**What the task asks**
With pictures omitted, transcribe exactly the lines from the one containing "changer ecran Lumia 650" to the end of the records below.

[Captioned web images]
»»

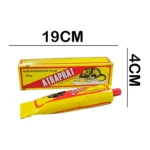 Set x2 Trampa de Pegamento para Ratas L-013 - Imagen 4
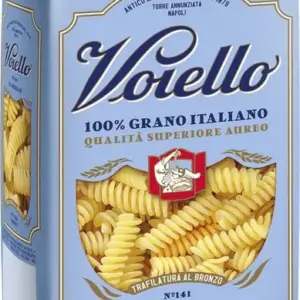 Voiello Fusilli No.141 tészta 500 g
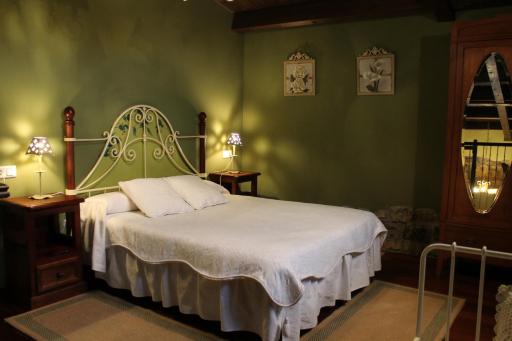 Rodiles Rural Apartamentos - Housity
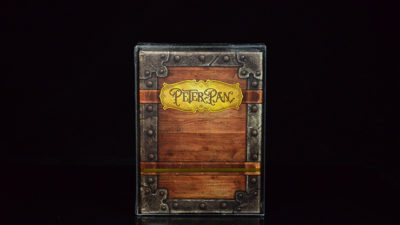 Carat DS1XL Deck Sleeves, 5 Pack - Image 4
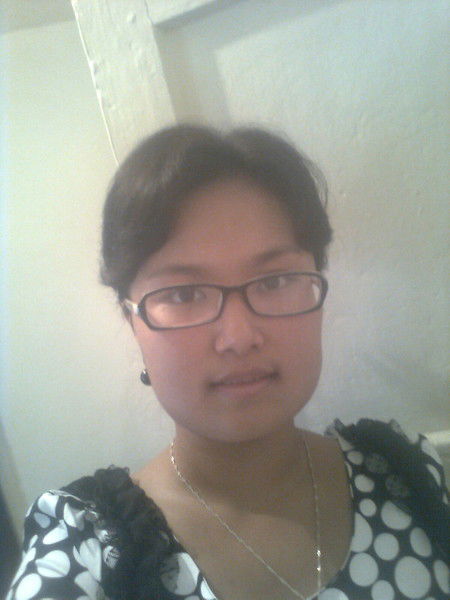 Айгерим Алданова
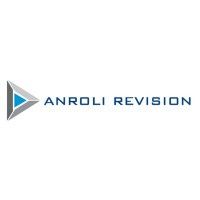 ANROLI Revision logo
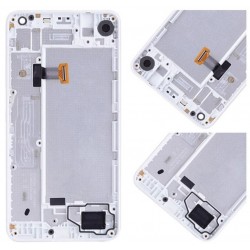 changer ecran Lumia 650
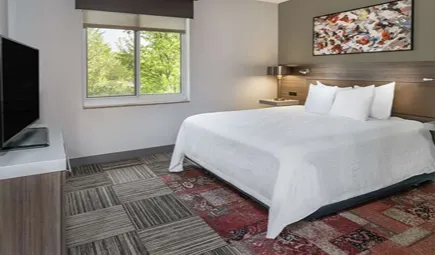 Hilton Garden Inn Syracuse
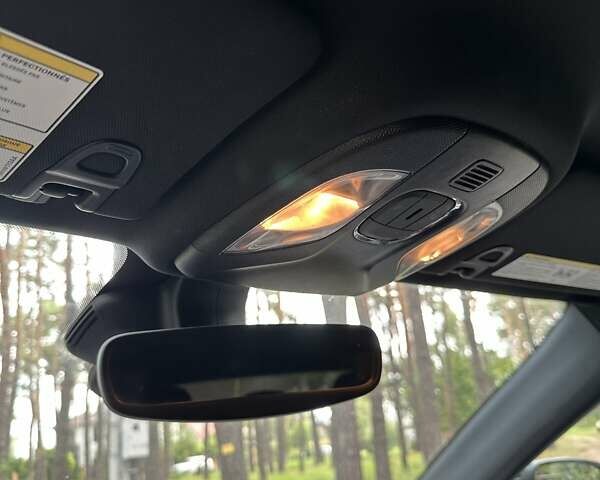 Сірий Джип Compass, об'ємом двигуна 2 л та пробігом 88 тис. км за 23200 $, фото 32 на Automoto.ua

««

**Answer to the problem**
 changer ecran Lumia 650
 Hilton Garden Inn Syracuse
 Сірий Джип Compass, об'ємом двигуна 2 л та пробігом 88 тис. км за 23200 $, фото 32 на Automoto.ua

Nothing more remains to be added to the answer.